В ноябре Рётке ответил, что он действительно приедет на Восточное побережье на Рождество, «хоть и ненадолго»[146]. Джудит раскошелилась на билеты на «Трамвай “Желание”» (A Streetcar Named Desire) на Бродвее, в котором Стэнли играл Марлон Брандо, а Бланш – Джессика Тэнди. Джудит представила поэта своей семье как мужчину, в которого она влюблена. На протяжении нескольких дней в воздухе царила атмосфера рождественского чуда. Но потом Рётке, как всегда, уехал, и Джудит расклеилась. «Родной, – писала она, – я уже второй вечер пытаюсь связаться с тобой. Я дожидаюсь, пока родственники разойдутся по своим комнатам, отношу телефон на кухню и сижу на холодном кухонном полу, слушая непрерывный гул на твоем конце провода, потому что никто не берет трубку. Господи, как бы я хотела, чтобы Сиэтл взлетел на воздух, чтобы тебе не нужно было туда возвращаться»[147]. Рётке не ответил. Когда он наконец объявился, то снова проигнорировал ее мольбы и лишь попросил о помощи с продвижением книги: «Слушай, возможно, я успею вернуться к выходу книги. Есть какая-нибудь возможность сократить траты за счет публичных чтений?»[148] На этот раз Джудит не пошла на попятную и ответила резкой ремаркой: «В самом деле, Тед… Приди в себя»[149].
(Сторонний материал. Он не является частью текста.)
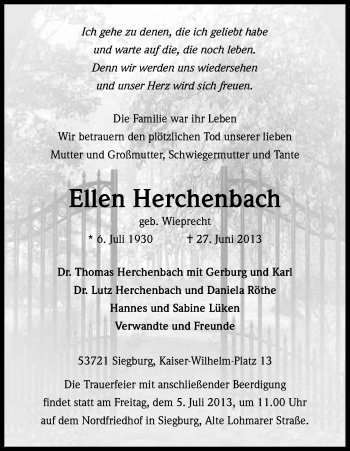 Anzeige von Ellen Herchenbach von Kölner Stadt-Anzeiger / Kölnische Rundschau / Express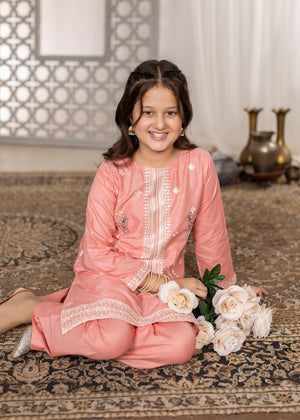 Peach pink Kurta Set for Girl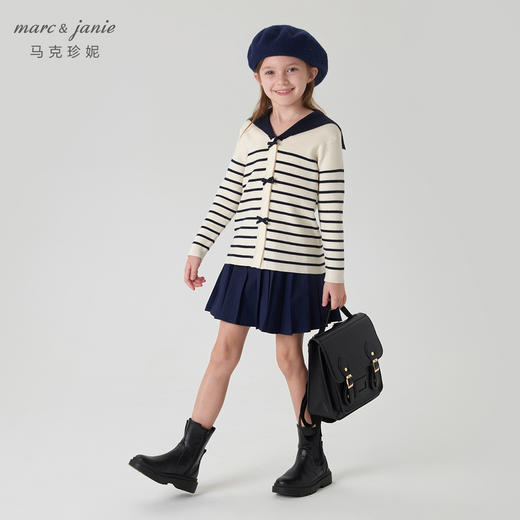 马克珍妮春装新款 女童学院风披肩领条纹针织开衫230192 商品图1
На дворе стоял апрель 1948 года. Зима была длинной и мрачной, и Джудит пребывала в подавленном состоянии. «Здесь уныло. Я чувствую себя обманутой. Я слишком много работаю на этих ублюдков в “Даблдее”, здесь холодно, метель, и я скучаю по тебе, – писала она Рётке. – Я ужасно провела выходные на Лонг-Айленде с очень дальними кузинами, которые удачно вышли замуж, – доложила она. – Увидев, насколько невежественными и чудовищно скучными могут быть молодые воспитанные люди, я пришла в ярость. Почему все такие невыразимо нудные?»[150] Но наконец наступила весна и зацвела форзиция. «Теплеет, и мы с Монти по утрам совершаем приятную прогулку на работу. Я беру обед из дома (для экономии) и в солнечные дни ем размокший сэндвич с пивом, купленным в зоопарке, – писала Джудит Рётке. – Думаю, Бёрк уже вернулся. Должен был к концу марта. Надо и ему написать. С большой любовью, Дж.»[151].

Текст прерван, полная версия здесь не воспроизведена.